The internet tells me he died of peritonitis, attributed to a ruptured appendix.

And just like Jim Morrison, he’s become more famous aft er his death than in life.

Only a handful of years aft er graduating as a doctor, Rorschach learnt of the work of fellow Swiss psychiatrist Szyman Hens.

If it weren’t for Rorschach, Hens would have left nary a blot on the internet.

Rorschach came across Hens’ description of clients’ fantasies and fantastic interpretations inspired by looking at inkblots.
Rorschach tested a set of 15 inkblots, some monochrome, some black and red, with more than 300 psychiatric patients and healthy subjects.

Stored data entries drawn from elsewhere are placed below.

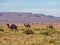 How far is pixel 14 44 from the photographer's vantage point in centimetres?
2272

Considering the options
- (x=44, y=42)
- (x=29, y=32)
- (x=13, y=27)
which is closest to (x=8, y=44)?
(x=44, y=42)

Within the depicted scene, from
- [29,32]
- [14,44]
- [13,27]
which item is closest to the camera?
[14,44]

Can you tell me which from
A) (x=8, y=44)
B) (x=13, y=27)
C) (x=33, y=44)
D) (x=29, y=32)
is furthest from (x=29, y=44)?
(x=13, y=27)

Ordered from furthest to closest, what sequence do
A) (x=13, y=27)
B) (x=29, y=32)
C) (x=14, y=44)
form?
(x=13, y=27) < (x=29, y=32) < (x=14, y=44)

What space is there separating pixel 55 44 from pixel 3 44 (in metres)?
4.90

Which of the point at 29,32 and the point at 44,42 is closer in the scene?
the point at 44,42

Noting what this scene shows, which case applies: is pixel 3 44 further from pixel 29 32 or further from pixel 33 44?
pixel 29 32

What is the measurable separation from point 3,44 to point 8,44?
572 mm

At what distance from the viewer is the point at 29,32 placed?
3669cm

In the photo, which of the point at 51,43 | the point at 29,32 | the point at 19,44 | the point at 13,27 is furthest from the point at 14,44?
the point at 13,27

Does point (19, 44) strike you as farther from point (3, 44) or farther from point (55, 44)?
point (55, 44)

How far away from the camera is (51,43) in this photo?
23.8m

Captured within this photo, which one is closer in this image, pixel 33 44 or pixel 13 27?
pixel 33 44

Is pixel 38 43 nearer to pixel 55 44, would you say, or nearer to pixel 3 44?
pixel 55 44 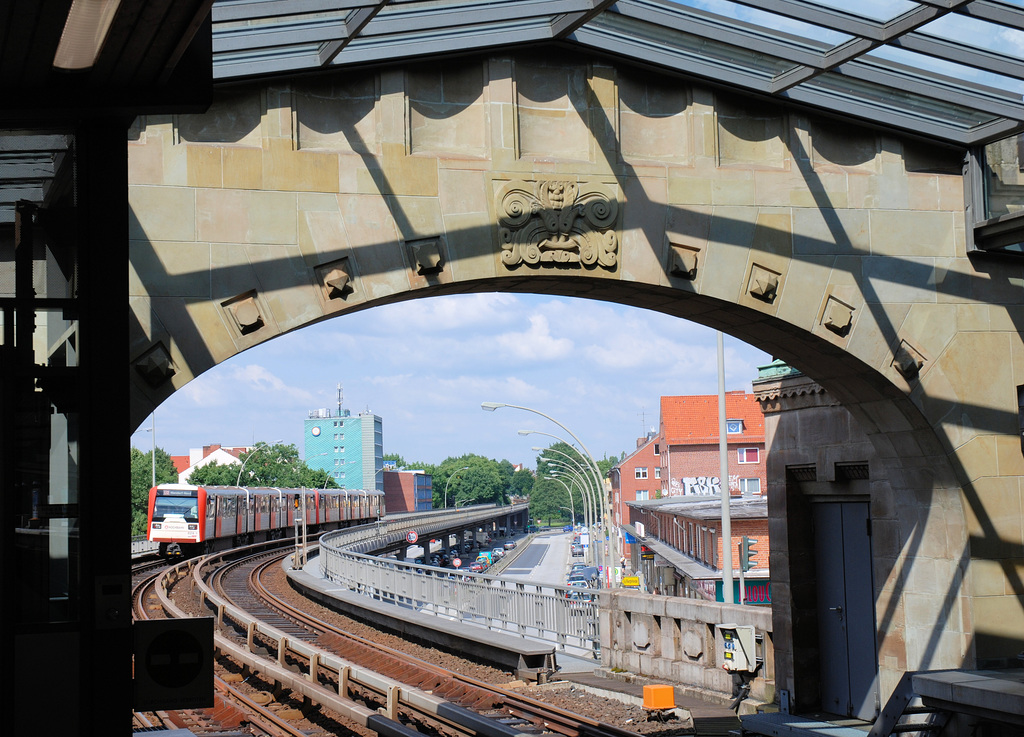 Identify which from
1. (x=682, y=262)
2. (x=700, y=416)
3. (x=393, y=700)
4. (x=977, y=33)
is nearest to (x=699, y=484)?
(x=700, y=416)

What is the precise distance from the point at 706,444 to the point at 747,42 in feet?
231

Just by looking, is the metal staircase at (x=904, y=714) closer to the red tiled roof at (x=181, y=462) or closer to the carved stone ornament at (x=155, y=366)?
the carved stone ornament at (x=155, y=366)

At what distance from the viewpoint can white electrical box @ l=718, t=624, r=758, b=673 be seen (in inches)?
457

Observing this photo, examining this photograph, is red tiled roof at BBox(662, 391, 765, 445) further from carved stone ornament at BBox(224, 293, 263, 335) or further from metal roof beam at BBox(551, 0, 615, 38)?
carved stone ornament at BBox(224, 293, 263, 335)

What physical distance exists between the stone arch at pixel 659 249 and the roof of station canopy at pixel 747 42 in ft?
1.07

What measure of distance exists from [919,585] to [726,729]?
2.97m

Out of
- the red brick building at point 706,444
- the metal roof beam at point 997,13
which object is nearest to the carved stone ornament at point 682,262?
the metal roof beam at point 997,13

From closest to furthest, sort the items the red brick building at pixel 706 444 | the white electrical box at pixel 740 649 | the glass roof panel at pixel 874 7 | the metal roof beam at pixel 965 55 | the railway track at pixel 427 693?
the glass roof panel at pixel 874 7 → the metal roof beam at pixel 965 55 → the railway track at pixel 427 693 → the white electrical box at pixel 740 649 → the red brick building at pixel 706 444

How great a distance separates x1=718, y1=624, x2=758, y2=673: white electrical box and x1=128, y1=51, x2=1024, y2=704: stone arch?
2126mm

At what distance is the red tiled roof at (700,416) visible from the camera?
7194cm

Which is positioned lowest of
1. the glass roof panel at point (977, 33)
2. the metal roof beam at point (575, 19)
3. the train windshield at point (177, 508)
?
the train windshield at point (177, 508)

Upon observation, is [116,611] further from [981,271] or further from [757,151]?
[981,271]

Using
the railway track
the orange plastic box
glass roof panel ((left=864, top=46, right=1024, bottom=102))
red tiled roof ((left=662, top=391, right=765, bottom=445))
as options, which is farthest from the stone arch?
red tiled roof ((left=662, top=391, right=765, bottom=445))

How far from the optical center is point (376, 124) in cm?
793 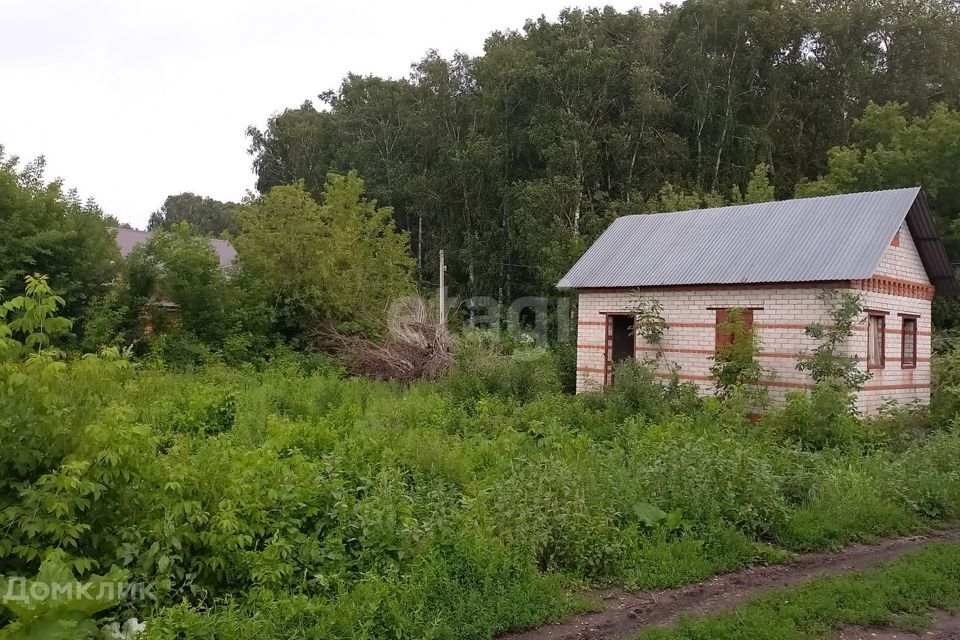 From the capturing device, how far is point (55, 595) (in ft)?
13.1

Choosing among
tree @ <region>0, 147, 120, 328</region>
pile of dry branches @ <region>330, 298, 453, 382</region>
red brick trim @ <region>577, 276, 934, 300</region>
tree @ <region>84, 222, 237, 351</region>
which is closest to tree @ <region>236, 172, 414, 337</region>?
tree @ <region>84, 222, 237, 351</region>

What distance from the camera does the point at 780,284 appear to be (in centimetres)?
1527

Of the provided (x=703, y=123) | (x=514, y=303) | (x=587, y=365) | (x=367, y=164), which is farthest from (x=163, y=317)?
(x=703, y=123)

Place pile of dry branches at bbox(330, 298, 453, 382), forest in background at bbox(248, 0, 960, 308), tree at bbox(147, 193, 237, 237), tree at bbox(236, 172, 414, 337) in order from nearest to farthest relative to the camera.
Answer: pile of dry branches at bbox(330, 298, 453, 382), tree at bbox(236, 172, 414, 337), forest in background at bbox(248, 0, 960, 308), tree at bbox(147, 193, 237, 237)

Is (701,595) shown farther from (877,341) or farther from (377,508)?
(877,341)

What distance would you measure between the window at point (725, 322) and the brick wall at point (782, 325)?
13cm

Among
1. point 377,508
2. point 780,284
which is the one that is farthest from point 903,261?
point 377,508

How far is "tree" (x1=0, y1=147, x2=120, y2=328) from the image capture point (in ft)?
56.7

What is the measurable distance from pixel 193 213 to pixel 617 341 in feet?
241

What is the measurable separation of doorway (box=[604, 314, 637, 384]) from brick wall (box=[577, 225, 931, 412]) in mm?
162

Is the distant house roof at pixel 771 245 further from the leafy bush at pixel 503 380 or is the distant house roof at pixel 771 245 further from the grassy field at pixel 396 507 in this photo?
the grassy field at pixel 396 507

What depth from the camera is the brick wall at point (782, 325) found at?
15023 mm

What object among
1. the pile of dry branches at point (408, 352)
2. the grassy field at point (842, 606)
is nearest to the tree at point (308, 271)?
the pile of dry branches at point (408, 352)

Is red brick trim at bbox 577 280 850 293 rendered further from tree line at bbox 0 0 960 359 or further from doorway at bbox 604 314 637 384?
tree line at bbox 0 0 960 359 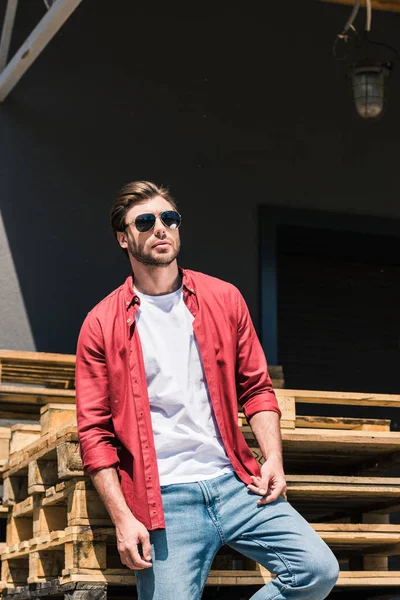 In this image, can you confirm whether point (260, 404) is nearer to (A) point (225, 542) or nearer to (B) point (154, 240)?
(A) point (225, 542)

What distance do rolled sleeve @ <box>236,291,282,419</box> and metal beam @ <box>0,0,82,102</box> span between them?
282cm

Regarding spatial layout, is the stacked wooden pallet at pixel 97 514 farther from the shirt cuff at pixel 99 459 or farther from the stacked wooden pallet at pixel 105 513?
the shirt cuff at pixel 99 459

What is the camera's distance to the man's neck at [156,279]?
463 centimetres

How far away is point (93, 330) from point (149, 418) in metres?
0.45

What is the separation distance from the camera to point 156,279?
4641 mm

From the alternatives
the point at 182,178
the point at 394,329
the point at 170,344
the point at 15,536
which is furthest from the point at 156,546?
the point at 394,329

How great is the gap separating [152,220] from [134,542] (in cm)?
130

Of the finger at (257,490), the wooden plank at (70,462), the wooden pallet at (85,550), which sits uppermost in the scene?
the wooden plank at (70,462)

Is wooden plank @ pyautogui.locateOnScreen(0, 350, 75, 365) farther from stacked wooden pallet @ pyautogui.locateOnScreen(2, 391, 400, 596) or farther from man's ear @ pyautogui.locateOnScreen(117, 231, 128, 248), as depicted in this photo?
man's ear @ pyautogui.locateOnScreen(117, 231, 128, 248)

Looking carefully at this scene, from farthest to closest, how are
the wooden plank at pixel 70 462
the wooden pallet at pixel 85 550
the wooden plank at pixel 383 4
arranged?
the wooden plank at pixel 383 4, the wooden plank at pixel 70 462, the wooden pallet at pixel 85 550

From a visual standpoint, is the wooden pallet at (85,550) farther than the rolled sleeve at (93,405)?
Yes

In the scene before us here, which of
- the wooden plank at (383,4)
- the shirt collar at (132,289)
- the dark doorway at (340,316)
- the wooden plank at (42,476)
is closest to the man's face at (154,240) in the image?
the shirt collar at (132,289)

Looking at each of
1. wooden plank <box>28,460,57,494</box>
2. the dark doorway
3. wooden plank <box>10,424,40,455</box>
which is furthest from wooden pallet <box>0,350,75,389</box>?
the dark doorway

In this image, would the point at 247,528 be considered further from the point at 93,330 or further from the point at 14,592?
the point at 14,592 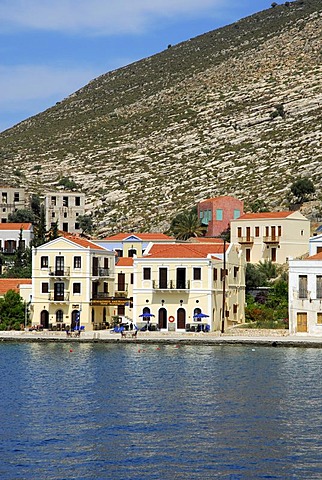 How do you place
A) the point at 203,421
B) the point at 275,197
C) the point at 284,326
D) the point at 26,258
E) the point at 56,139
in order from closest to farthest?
1. the point at 203,421
2. the point at 284,326
3. the point at 26,258
4. the point at 275,197
5. the point at 56,139

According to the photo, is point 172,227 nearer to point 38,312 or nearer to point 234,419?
point 38,312

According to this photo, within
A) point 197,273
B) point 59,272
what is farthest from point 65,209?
point 197,273

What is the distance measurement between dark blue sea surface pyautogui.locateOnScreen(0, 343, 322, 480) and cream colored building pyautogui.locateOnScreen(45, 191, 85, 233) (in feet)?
198

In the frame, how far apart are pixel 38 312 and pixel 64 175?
252 feet

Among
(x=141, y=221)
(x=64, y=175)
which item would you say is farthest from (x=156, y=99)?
(x=141, y=221)

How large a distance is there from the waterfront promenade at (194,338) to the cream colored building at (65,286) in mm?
3817

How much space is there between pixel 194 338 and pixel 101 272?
42.0ft

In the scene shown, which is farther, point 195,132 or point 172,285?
point 195,132

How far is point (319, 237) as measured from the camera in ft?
266

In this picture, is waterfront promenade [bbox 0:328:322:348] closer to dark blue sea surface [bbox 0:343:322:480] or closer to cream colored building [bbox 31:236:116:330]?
cream colored building [bbox 31:236:116:330]

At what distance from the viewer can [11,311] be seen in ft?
267

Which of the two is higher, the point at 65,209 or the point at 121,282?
the point at 65,209

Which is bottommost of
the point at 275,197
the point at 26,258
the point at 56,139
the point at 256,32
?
the point at 26,258

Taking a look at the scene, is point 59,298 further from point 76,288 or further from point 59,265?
point 59,265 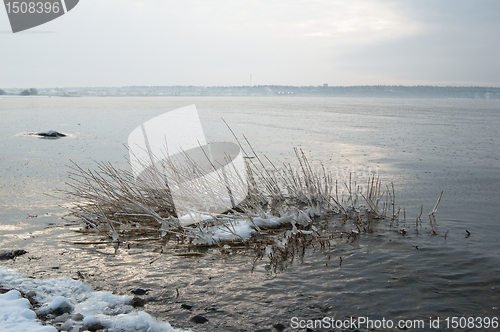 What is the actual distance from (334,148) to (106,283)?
14.3 m

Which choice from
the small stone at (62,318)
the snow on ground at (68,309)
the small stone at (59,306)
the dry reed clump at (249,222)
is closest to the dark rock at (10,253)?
the snow on ground at (68,309)

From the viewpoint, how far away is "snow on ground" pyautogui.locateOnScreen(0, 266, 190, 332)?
13.1ft

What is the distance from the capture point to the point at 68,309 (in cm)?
438

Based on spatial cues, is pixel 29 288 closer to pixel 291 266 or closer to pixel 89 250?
pixel 89 250

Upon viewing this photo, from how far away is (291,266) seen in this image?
5598 mm

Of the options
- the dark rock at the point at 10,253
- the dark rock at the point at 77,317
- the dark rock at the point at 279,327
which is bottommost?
the dark rock at the point at 279,327

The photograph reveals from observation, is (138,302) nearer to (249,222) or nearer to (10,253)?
(249,222)

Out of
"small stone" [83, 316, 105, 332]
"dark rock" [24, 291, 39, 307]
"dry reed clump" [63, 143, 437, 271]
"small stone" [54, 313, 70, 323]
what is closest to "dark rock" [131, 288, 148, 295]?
"small stone" [83, 316, 105, 332]

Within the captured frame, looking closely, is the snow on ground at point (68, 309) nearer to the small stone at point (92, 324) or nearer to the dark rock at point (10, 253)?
the small stone at point (92, 324)

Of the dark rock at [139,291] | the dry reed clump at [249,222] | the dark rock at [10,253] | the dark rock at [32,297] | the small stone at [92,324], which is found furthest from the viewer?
the dry reed clump at [249,222]

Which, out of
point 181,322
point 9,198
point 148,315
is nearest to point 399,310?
point 181,322

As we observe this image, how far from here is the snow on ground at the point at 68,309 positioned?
400 centimetres

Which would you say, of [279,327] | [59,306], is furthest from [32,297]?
[279,327]

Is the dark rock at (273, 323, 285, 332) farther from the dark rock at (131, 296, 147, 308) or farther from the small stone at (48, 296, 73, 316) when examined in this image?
the small stone at (48, 296, 73, 316) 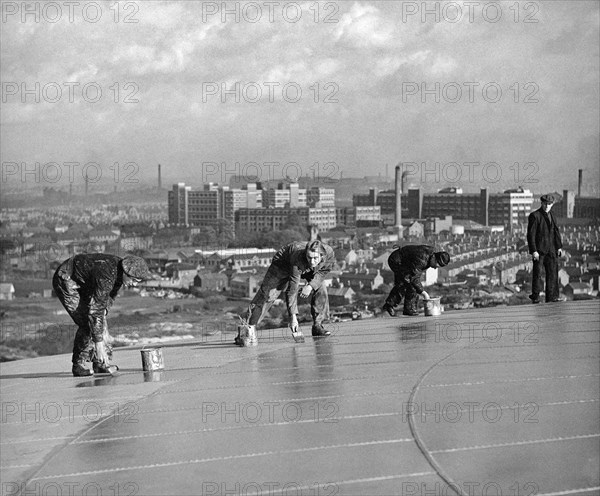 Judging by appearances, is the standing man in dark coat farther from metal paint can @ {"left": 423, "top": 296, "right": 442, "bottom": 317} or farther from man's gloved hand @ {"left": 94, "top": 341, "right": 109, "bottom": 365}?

He argued in his 1921 book, Psychodiagnostics, that people project their unconscious, their personalities and societal pressures in how they interpret these splots of ink on paper.

Just as Freud argued that our adult behaviour has roots in our childhood, numerous sources say young Rorschach earned the nickname “Inkblot” as a child, because he enjoyed klecksography – a game involving making inkblots.

Sadly, the core idea – that inkblot-inspired interpretations give psychoanalysts privileged access to what’s bubbling below – is considered by many to be, well, bunkum.

Although quite popular, the test had a rough time in the scientifi c literature and also in courts of law, where its reliability was questioned.


Блог #79. 
Tell me what you see.. Foto by MatchFixingBet.Ru


In 2013, however, a systematic review of research using the test concluded that inkblot interpretations are slightly, but reliably, useful for understanding how people perceive and think about their lives.

Though not their personalities. Rorschach’s legacy continues.

In popular media, a very contemporary example is the graphic novel vigilante called Rorschach from Alan Moore’s Watchmen series.

In this, and the movie based on it, the character wears a mask bearing an inkblot – just like the bar staff at the Anonymous Shrink’s Offi ce.

Rather surprisingly, I can’t fi nd any indication that any actor has played Rorschach himself in an actual fi lm.

I’m sure it’s only a matter of time.